I couldn't keep her alive overnight because the temperatures were (thank the Lord) going to drop. I had to hive her that night. The hive is at my sister's house in the opposite direction from home from the bee meeting. I didn't have any clothes with me because I'd borrowed my spouse's non-beemobile car. It was 10:00. My sister was out; my brother in law wasn't answering the phone because he was either getting the boys to bed or asleep. Still, the bees command.
I talked to my sister and she told me how to sneak into the yard. All the way there, I held the box against my skin so the queen wouldn't die. It's hard to focus on your driving when you're thinking about a queen in a box.
Once there, I suited up (bees don't like being messed with at night) and crept into the yard. Right past the bedroom where my brother in law was reading. So I said, "Hi! It's me. Just putting a queen in the hive!" He cracked up.

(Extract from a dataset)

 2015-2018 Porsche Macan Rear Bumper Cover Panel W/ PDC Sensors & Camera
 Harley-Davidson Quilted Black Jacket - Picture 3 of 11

So I did. Up the rickety ladder to the top of the shed, lifted the hive cover, irritated noises from the bees, loosened the box a little, and just hung it between the bars. Hopefully they'll feed her and chew her free. Then, because she's a virgin, just-hatched queen, she'll learn to fly near the hive, get the lay of the land, and take a mating flight. If all goes well, she'll go back to what will by then be home and lay lots of eggs and make the hive queenright.
And at 6:00 this morning, the swarm I'd started gathering yesterday was all snug in the box. I just drove up, wrapped it in a sheet, and took off. That's why I prefer morning. Yesterday when I started with them, I was, as Eddie Izzard says, "Covered in bees!" They didn't like being brushed off that branch into the box at all. And it was quite hot, and they were all over, and the kids were locked in the car that I was using as a ladder waiting to go to the lake and they were quite hot too.
This morning was much more civilized. If you ignore getting up at 5:30. Plus, the road had spectacular views of San Francisco Bay, which was, in addition to the bees, worth the price of admission. I sang all the way home.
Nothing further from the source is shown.